STORED DATA
%%

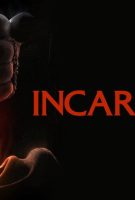 Incarnate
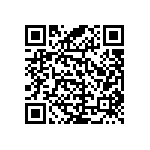 RLR05C2261FSB14 QRCode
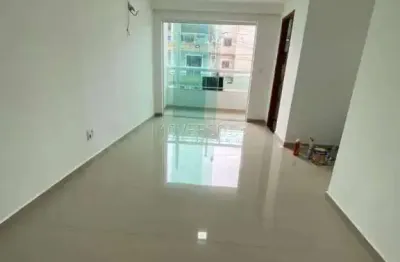 Casa com 3 quartos à venda na Estrada Pacui, Vargem Grande, Rio de Janeiro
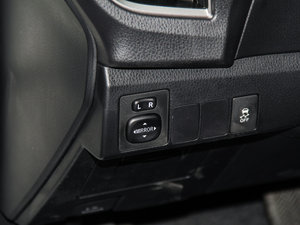 20161.8H V CVTA п؅^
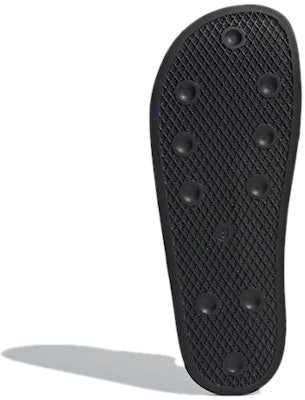 adidas Adilette Slide 'Portugal' Sandalias GW2559 Details for adidas Adilette Slide 'Portugal' Sandalias GW2559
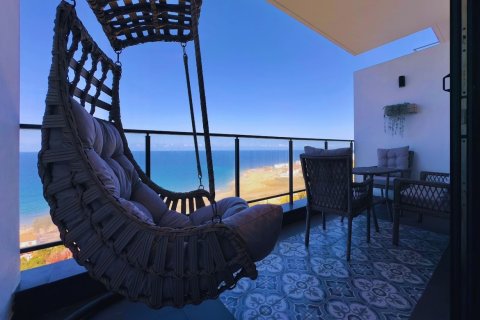 2+1 Wohnung in Esentepe, Girne, Nr. 214533 - 6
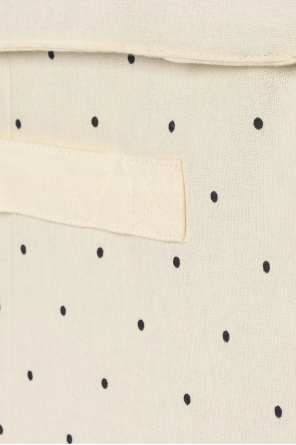 Konges Sløjd Aufbewahrungskorb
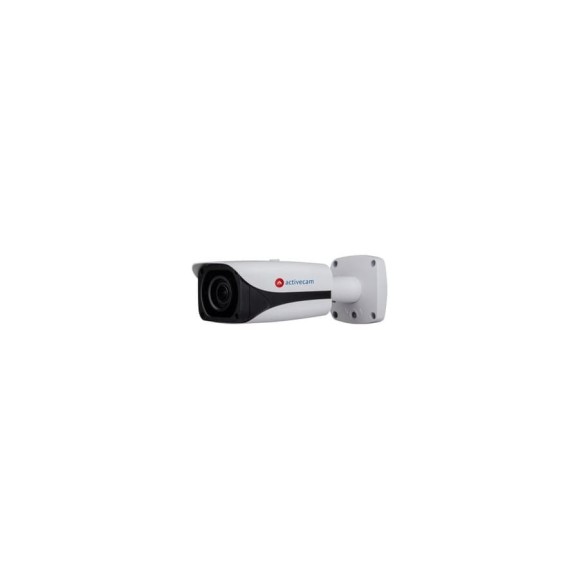 IP камера ActiveCam AC-D2183WDZIR5 УТ-00009422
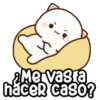 Stickers pa' tú amor 2 💗🌹 26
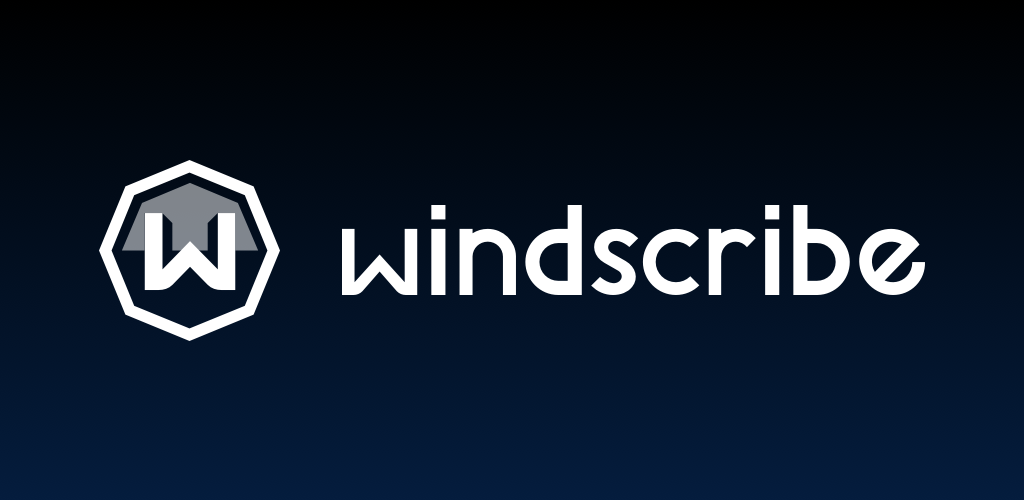 Reseña y opinones de Windscribe VPN en 2024. Revisado por nuestros expertos.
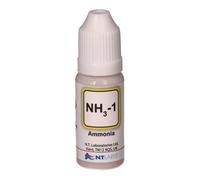 Nt Labs Test Reagent 10Ml Bottle Ammonia Nh3-1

%%

WORK TASK
Beginning with the line where "adidas Adilette Slide 'Portugal' Sandalias GW2559 Details" appears, restate word for word every line down to the last one in the data, but keep the pictures out.

SOLUTION TO THE PROBLEM
 adidas Adilette Slide 'Portugal' Sandalias GW2559 Details for adidas Adilette Slide 'Portugal' Sandalias GW2559
 2+1 Wohnung in Esentepe, Girne, Nr. 214533 - 6
 Konges Sløjd Aufbewahrungskorb
 IP камера ActiveCam AC-D2183WDZIR5 УТ-00009422
 Stickers pa' tú amor 2 💗🌹 26
 Reseña y opinones de Windscribe VPN en 2024. Revisado por nuestros expertos.
 Nt Labs Test Reagent 10Ml Bottle Ammonia Nh3-1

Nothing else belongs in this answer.